In a recent article, Zach Jory from Aspen Mesh, has written up further thoughts on the topic. He starts by observing something several other people have over the years, that whilst breaking monoliths down into microservices may be a necessary activity it does not lead automatically to easier systems and some activities can become more difficult:
An obvious area where it adds complexity is communications between services; visibility into service to service communications can be hard to achieve, but is critical to building an optimized and resilient architecture.
Zach states that whilst monitoring, which aims to give an idea of the overall health of a system, has been around for many years, the concept of observability, which aims to provide data on the behaviour of systems, has become increasingly important for cloud-based distributed systems such as those commonly found with microservices.
Observability is about data exposure and easy access to information which is critical when you need a way to see when communications fail, do not occur as expected or occur when they shouldn’t. The way services interact with each other at runtime needs to be monitored, managed and controlled. This begins with observability and the ability to understand the behavior of your microservice architecture.

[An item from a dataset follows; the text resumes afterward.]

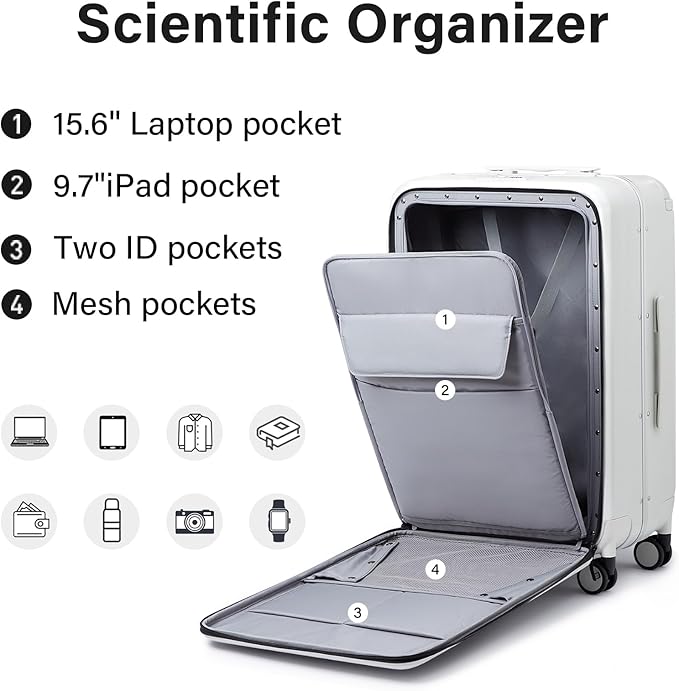 MILADA Wide Handle Luggage with Front Pocket Hardshell Aluminium Check In Suitcase with Wheels Medium 24 Inch Front Opening Checked Luggage with Spinner Wheels TSA Lock Airline Approved Luggage, White
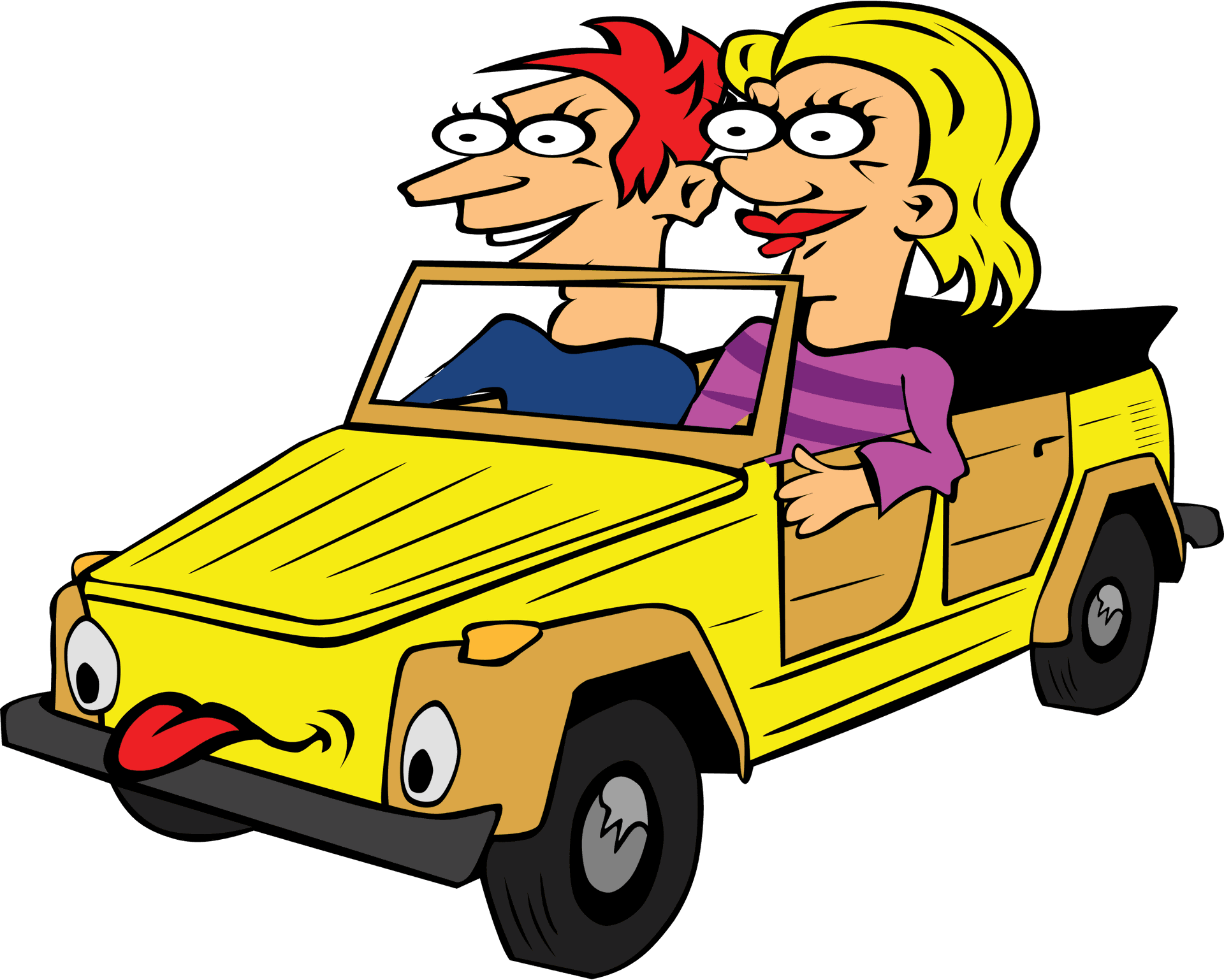 Animated Couple Enjoying Car Ride PNG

Zach believes that the rise of service mesh technologies, such as Istio, has made observability a number one requirement for those looking to use or develop with them. (Although his company has their own service mesh implementation, the points he makes are implementation agnostic so worth understanding.) He then goes on to discuss the top two observability features that would be provided by a service mesh. He starts with Tracing, so you can know which microservices are involved in which transactions:
Distributed tracing is great for debugging and understanding your application’s behavior. The key to making sense of all the tracing data is being able to correlate spans from different microservices which are related to a single client request. To achieve this, all microservices in your application should propagate tracing headers.
Then there’s Metrics, based upon the telemetry data which can be gathered automatically across the service mesh. Important metrics to gather include request volume, request duration, latency and request size.
Most failures in the microservices space occur during the interactions between services, so a view into those transactions helps teams better manage architectures to avoid failures. Observability provided by a service mesh makes it much easier to see what is happening when your services interact with each other, making it easier to build a more efficient, resilient and secure microservice architecture.
Interestingly Zach touches on something we discussed at the end of 2017 as a prediction for 2018, that monitoring and observability would be a key factor for developers. At that time Péter Márton, CTO of RisingStack, had this to say:
To put microservices monitoring and observability to a next level and bring the era of the next APM tools, an open, vendor-neutral instrumentation standard would be needed like OpenTracing. This new standard needs to be applied by APM vendors, service providers, and open-source library maintainers as well.
Fast forward 8 months and we are definitely seeing the rise of projects concerned with making observability a key part of microservice architectures, whether or not based upon service mesh technologies. We are also seeing developer focussed efforts such as Eclipse MicroProfile add in support for OpenTracing.